I would suggest rolling all the balls on to 2 sheets of foil or parchment, that way when the cookies come out of the oven you can pull the lining with the cooked cookies off and slide the new one on to put right into the oven.
These cookies have a sort of caramel taste to them. They are very good and even my 2 yr old loved them!

Sunday, April 19, 2009

From Isaac

I had to post it not as a serious recipe but more as my life a as a mom! This is recipe comes straight from my little bud, Isaac!
Cumin PB toast and Milk
2 pieces of toast topped with Peanut Butter (creamy or chunky)
1 Sippy cup of milk
1 Container Cumin
2 Shelves

Take toast, Put peanut butter sides together to make a peanut butter toast sandwich. Sprinkle Cumin onto shelves until you get caught and it's taken away. Place peanut butter toast sandwich on 1st shelf and your milk on the other. Enjoy!

Friday, April 17, 2009

No Spoons Allowed Taco Soup

1 can (16oz) Refried Beans
" Black Beans (Drained and rinsed)
" Mexican Stewed Tomatoes
1 3/4 C. Chicken Broth (14 oz Can)
1 1/2 C. Frozen Corn (1 can)
1/2 C. Salsa
1/2 C. Water
1 Tbl. Cumin
1 lb. Hamburger (4 Chicken Tenders Cubed)
2 C. Shredded cheese (8 oz. pkg. Mexi blend)
Toppings (optional):
Frito Chips
Sour Cream

In a Soup Pot (mine is 4 qt.) Brown Hamburger (or cook chicken). Add chicken broth, tomatoes and Refried beans. Break up tomatoes and stir in beans with a wooden spoon. Add black beans, corn, salsa,water and cumin.

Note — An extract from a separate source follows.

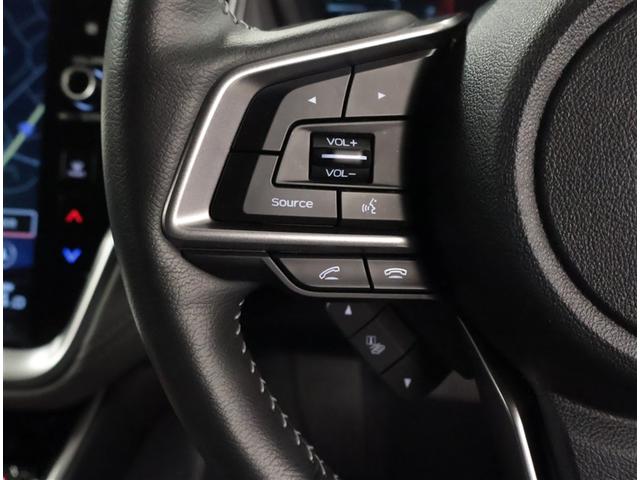 ハンドルのスイッチで各機能の操作を行う事が出来てとっても便利♪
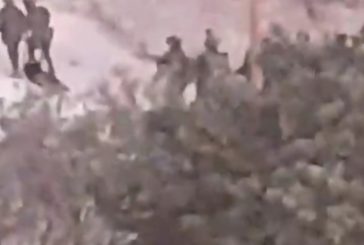 قوات الاحتلال تصيب شابا بالرصاص وتسحله على الأرض وتعتقله في بني نعيم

Bring to a boil. Turn down and simmer for 10 mins. Stir in cheese to melt. Serve with chips, sour cream.

Thursday, April 16, 2009

Tuna Noodle Casserole

30-45 Mins




*These are approximate measurements. I don't measure anything*
1/2 box Whole Grain Pasta
1 can Tuna
1 can Cream of Chicken soup
2 c. Frozen peas
1 Tbl Lemon pepper
1 c. Bread crumbs
1-2 Tbl Parm Cheese
1 Tbl Butter, melted
Cook pasta and drain. Add Cream of chicken soup and thin with milk till desired consistency. Add Lemon pepper, drained tuna and peas. stir. Pour into 8x8 casserole dish. Combine bread crumbs, cheese, and melted. Sprinkle over pasta and bake for 15-20 mins, or until hot all the way through.